Well, it was a no-brainer, wasn’t it! I took the ten pounds, then went straight off to hire the mink.
However as things worked out, I didn’t actually make it back to the stream that evening. Instead, on the way I met a nasty old goblin with piercing eyes and a hooked nose, who claimed to own that stretch of water and everything in it. He robbed me of my money and threatened to beat me up if I stole any more of his gold. And shocked as I was at the time, I’m ashamed to say that I let him leave with my ten pounds without even trying to stop him.
But later that night I had second thoughts.
Who was this loser, anyway? Just some stunted little low-life puffing himself up to make believe he was a big shot! And what was that he told me? That he owned the stream and everything in it? Well, we’d soon see about that! Clearly this peanut-sized pipsqueak didn’t know who he was dealing with, and needed a jolly good lesson in manners!

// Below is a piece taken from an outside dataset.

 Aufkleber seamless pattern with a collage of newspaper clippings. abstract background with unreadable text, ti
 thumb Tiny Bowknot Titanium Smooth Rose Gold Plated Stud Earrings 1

After all, I was none other than Lord Grumpkin of Grumblemore – the Lion-Hearted Super-Rat of international fame – and like it or not, I had made up my mind. At dawn the next day I was going to be back by the stream dredging for gold, and I fully expected to work there in peace. So if he planned to tangle with me, then it was high time he understood that I wouldn’t be answerable for the consequences…
And indeed, if I had anything to do with it, things would turn out VERY much the worse for him!